The hotels sector – having finally realized the true potential of ancillary revenues in improving the topline – is likely to follow the aviation industry’s lead, making every enhancement in customer experience payable and not gratis, as the industry has been providing for time immemorial.

Hotels will be repurposed as co-working & boutique office spaces. The ‘work-from-anywhere’ or hybrid work environment is here to stay. Hotels already have all the required facilities and infrastructure needed by professionals to conduct their businesses. Some hoteliers can, therefore, repurpose certain areas of their property for boutique corporate offices. They can also lease out or partner with organizations in the coworking industry to develop special packages for professionals looking for an ‘office’ space near their homes.
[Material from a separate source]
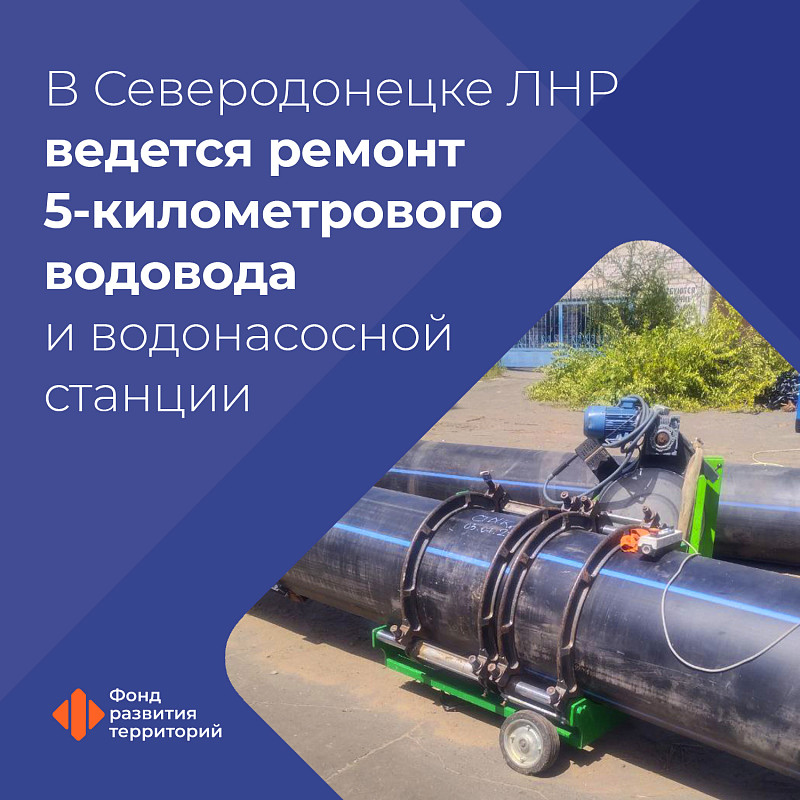 В Северодонецке ЛНР ведется ремонт 5-километрового водовода и водонасосной станции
Certain sections in a hotel can also be repurposed to allow occupation of the space by high-net-worth organizations and companies.

Hoteliers will reimagine F&B by outsourcing hotel outlets to standalone marquee restaurants that had made their mark in the pre-COVID era but are now facing an existential crisis post- COVID. This model can be beneficial for both the stakeholders, as hotels get an opportunity to win-back the customer share they lost to standalone restaurants over the last few years, while the restaurants get an opportunity to renew operations on a revenue share model and benefit from captive clientele as hotels get back to normalcy.

Management agreements and the owner-operator relationship came under the scanner during the pandemic as the stakeholders tried to survive the adverse market conditions. Minor changes such as reduction in discretionary marketing and sales spends, and flexibility to owners on payments has already been implemented. Fluidity has also increased on certain insurance clauses, implementation of brand standards, force majeure amendments, sales and marketing spend, and usage of FF&E reserves.

Going forward, we expect owners to increasingly stress on changes in certain provisions in the management agreements such as shorter terms, lower base fee, higher incentive fee, and renegotiation of group services fee to name a few.

With franchising steadily gaining popularity in India, we expect the role of a third-party asset manager, which has traditionally been underplayed in the country, to become crucial as both hotel owners and operators realize the true benefits & potential of working with professional asset managers to review and improve their hotel performance in the post- COVID era.

Last but not the least, sustainability will become more than a buzzword as the only silver lining during the lockdown was the positive impact it had on the environment. Adopting eco-friendly practices will not only help hotels win over travellers, who will increasingly prefer ‘green’ holidays in the COVID era but will also help in reducing costs and improving the bottom line in the longer run. The current crisis has been an eye-opener of sorts for all of us and it is imperative that all the stakeholders collaborate to increase the sector’s focus on sustainability by adopting greener practices as we gradually embark on the path to recovery.